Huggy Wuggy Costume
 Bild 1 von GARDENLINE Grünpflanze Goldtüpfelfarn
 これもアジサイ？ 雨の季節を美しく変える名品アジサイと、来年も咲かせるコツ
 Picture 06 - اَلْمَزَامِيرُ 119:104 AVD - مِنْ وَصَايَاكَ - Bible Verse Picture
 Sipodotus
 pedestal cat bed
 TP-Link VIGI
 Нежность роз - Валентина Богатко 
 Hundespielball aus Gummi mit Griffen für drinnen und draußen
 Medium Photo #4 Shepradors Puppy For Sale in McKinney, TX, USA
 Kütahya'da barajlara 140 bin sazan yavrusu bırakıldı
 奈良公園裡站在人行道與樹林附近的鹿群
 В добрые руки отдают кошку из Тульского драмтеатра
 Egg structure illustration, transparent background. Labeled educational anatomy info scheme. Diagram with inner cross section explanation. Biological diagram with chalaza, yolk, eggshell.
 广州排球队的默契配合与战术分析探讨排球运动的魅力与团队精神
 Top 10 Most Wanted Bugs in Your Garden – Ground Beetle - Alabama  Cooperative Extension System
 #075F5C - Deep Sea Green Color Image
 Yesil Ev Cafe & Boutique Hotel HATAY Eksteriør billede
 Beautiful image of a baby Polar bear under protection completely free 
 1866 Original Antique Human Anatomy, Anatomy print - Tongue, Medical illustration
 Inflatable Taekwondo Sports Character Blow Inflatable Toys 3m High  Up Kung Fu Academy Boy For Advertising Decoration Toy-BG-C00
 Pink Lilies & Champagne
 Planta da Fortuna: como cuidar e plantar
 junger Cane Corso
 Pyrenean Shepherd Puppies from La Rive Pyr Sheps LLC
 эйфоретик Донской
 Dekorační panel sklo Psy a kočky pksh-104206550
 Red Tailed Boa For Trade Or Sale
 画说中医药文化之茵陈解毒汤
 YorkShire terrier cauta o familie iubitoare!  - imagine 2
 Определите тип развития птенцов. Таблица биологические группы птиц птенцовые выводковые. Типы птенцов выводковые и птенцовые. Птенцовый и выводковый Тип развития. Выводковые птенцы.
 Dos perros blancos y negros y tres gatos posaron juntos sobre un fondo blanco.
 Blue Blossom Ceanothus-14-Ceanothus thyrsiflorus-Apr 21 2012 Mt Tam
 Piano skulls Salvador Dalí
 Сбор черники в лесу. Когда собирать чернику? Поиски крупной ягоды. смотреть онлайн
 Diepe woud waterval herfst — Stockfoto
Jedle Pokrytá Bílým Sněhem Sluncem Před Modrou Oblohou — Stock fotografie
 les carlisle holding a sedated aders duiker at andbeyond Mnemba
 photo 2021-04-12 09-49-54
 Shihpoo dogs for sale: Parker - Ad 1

● ● ●

AIM OF THE EXERCISE – Copying word for word, give each line of the data above from the first one through the line containing "奈良公園裡站在人行道與樹林附近的鹿群", and nothing else.

SOLUTION FOR THIS EXERCISE –
Huggy Wuggy Costume
 Bild 1 von GARDENLINE Grünpflanze Goldtüpfelfarn
 これもアジサイ？ 雨の季節を美しく変える名品アジサイと、来年も咲かせるコツ
 Picture 06 - اَلْمَزَامِيرُ 119:104 AVD - مِنْ وَصَايَاكَ - Bible Verse Picture
 Sipodotus
 pedestal cat bed
 TP-Link VIGI
 Нежность роз - Валентина Богатко 
 Hundespielball aus Gummi mit Griffen für drinnen und draußen
 Medium Photo #4 Shepradors Puppy For Sale in McKinney, TX, USA
 Kütahya'da barajlara 140 bin sazan yavrusu bırakıldı
 奈良公園裡站在人行道與樹林附近的鹿群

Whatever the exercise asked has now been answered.